Work instruction: Without the images, print all the entries below exactly as given.

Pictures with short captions
------

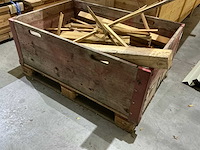 Partij diverse houten balken en planken - afbeelding 7 van  7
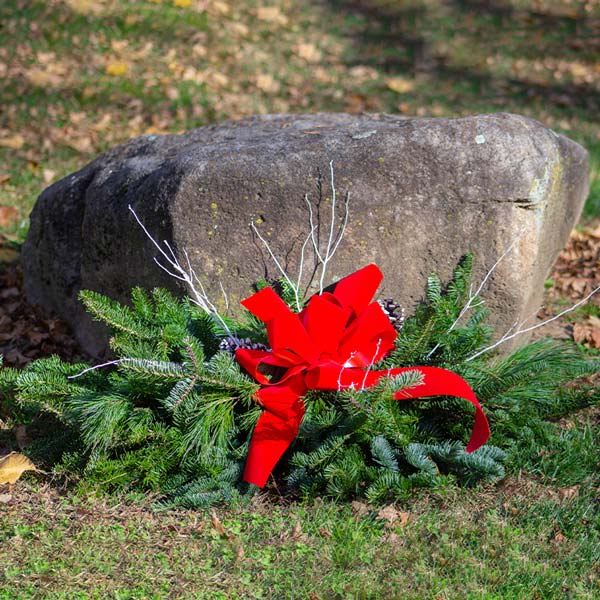 Holiday Grave Spray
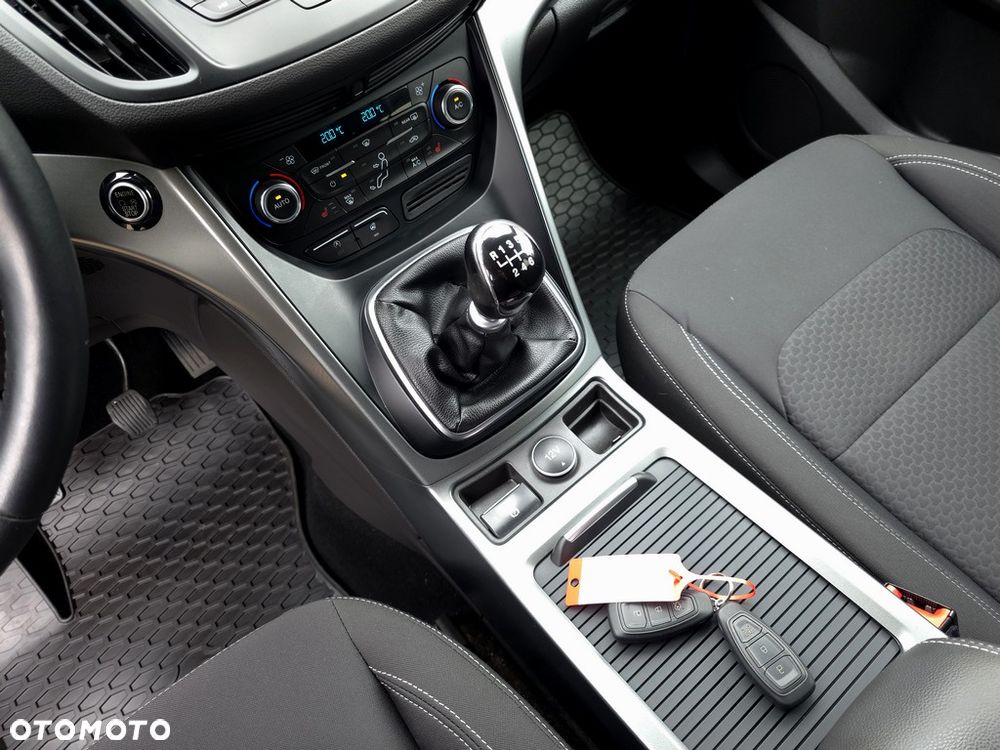 Ford Kuga 2.0 TDCi FWD Titanium - 23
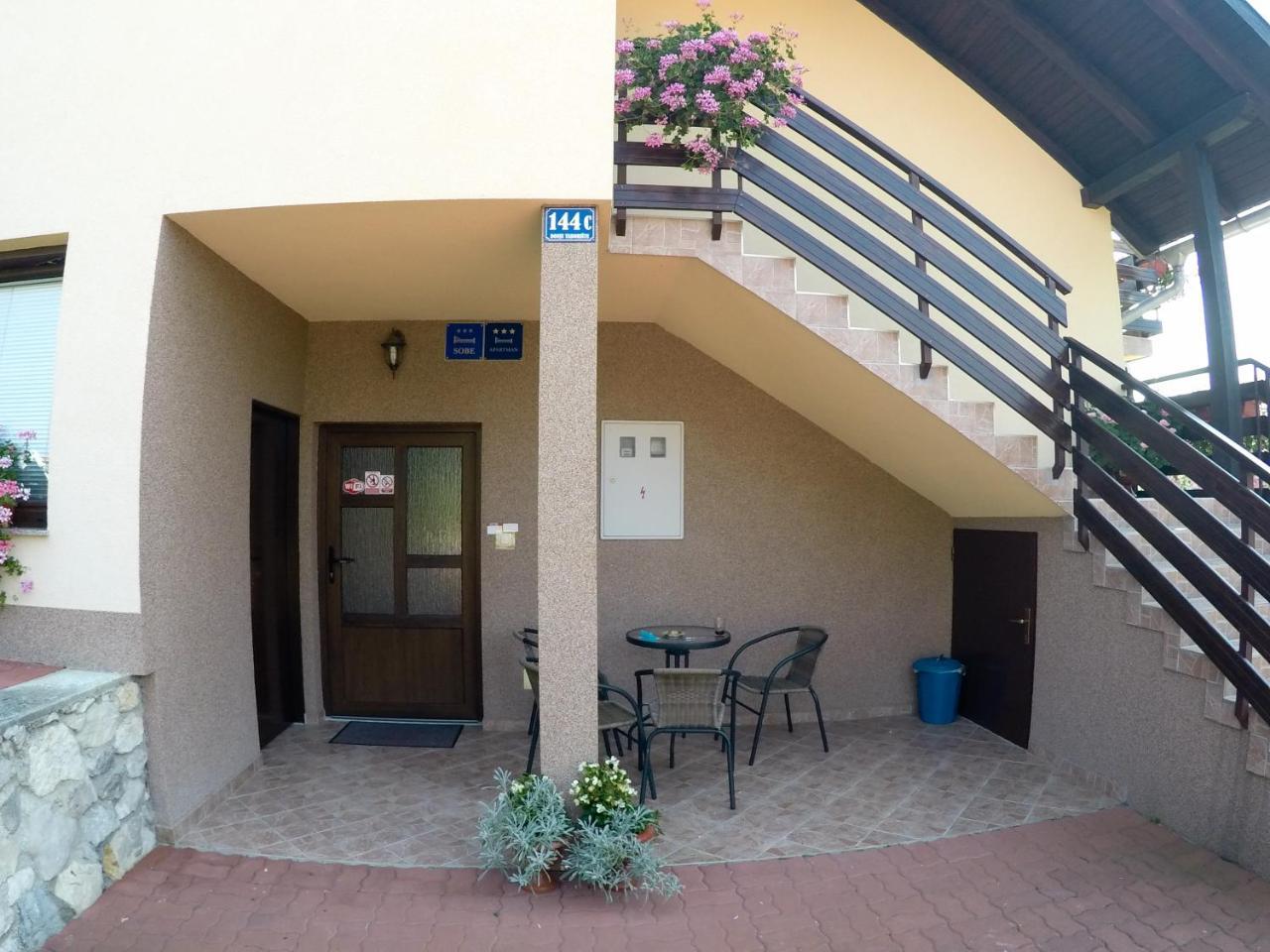 Apartment Ante Slunj Zewnętrze zdjęcie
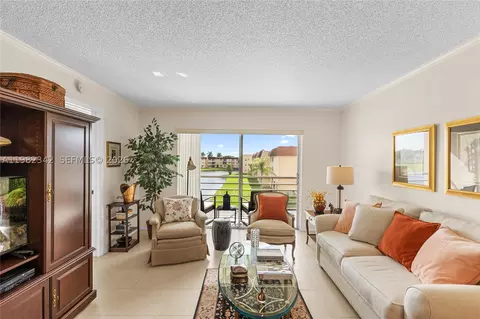 8950 Sunrise Lakes Blvd #309, Sunrise, FL 33322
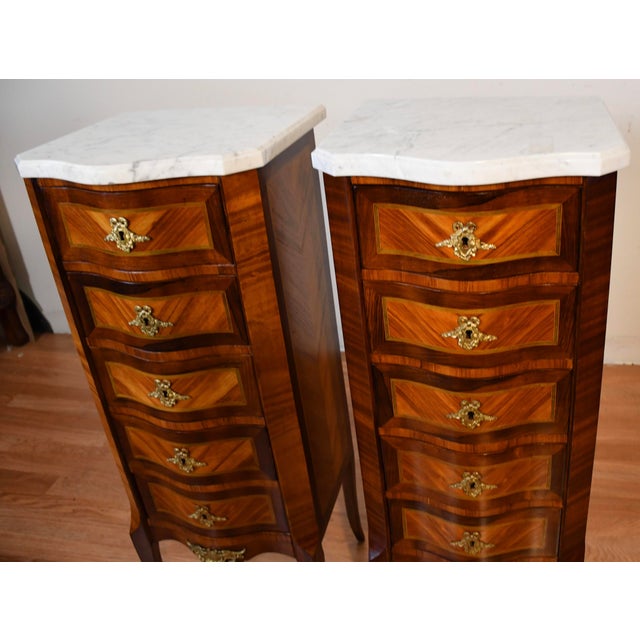 1900s Pair Antique French Louis XV Walnut & Satinwood Marble Top Lingerie Stands For Sale - Image 4 of 18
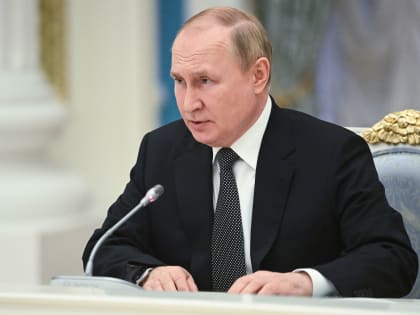 Владимир Путин объявил о повышении пенсий, МРОТ и прожиточного минимума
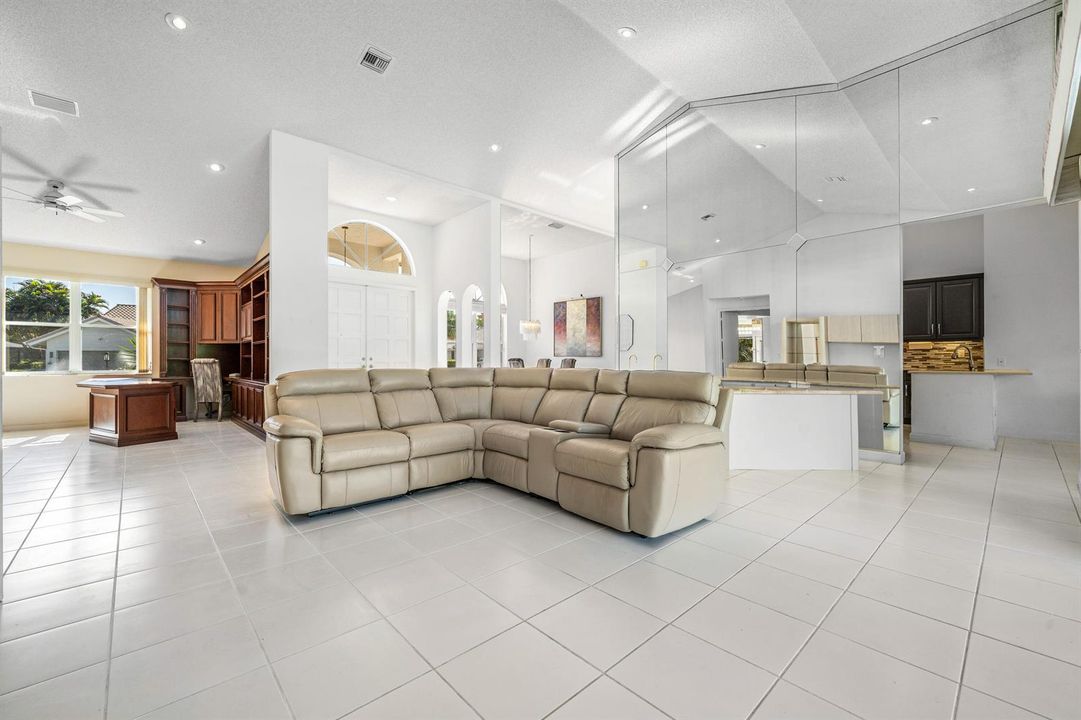 011-17557CharnwoodDrive-BocaRaton-FL-334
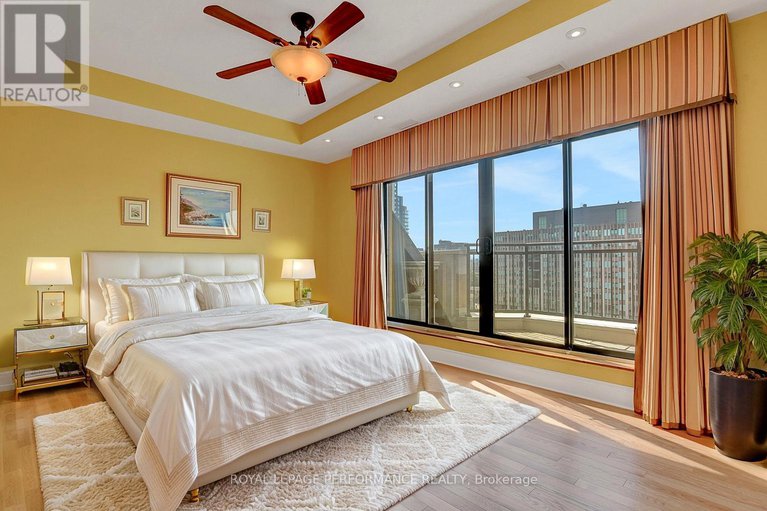 29170503/ph2-260-besserer-street/sandy-hill/ottawa/ontario/K1N1J3_11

------

Solved exercise:
 Partij diverse houten balken en planken - afbeelding 7 van  7
 Holiday Grave Spray
 Ford Kuga 2.0 TDCi FWD Titanium - 23
 Apartment Ante Slunj Zewnętrze zdjęcie
 8950 Sunrise Lakes Blvd #309, Sunrise, FL 33322
 1900s Pair Antique French Louis XV Walnut & Satinwood Marble Top Lingerie Stands For Sale - Image 4 of 18
 Владимир Путин объявил о повышении пенсий, МРОТ и прожиточного минимума
 011-17557CharnwoodDrive-BocaRaton-FL-334
 29170503/ph2-260-besserer-street/sandy-hill/ottawa/ontario/K1N1J3_11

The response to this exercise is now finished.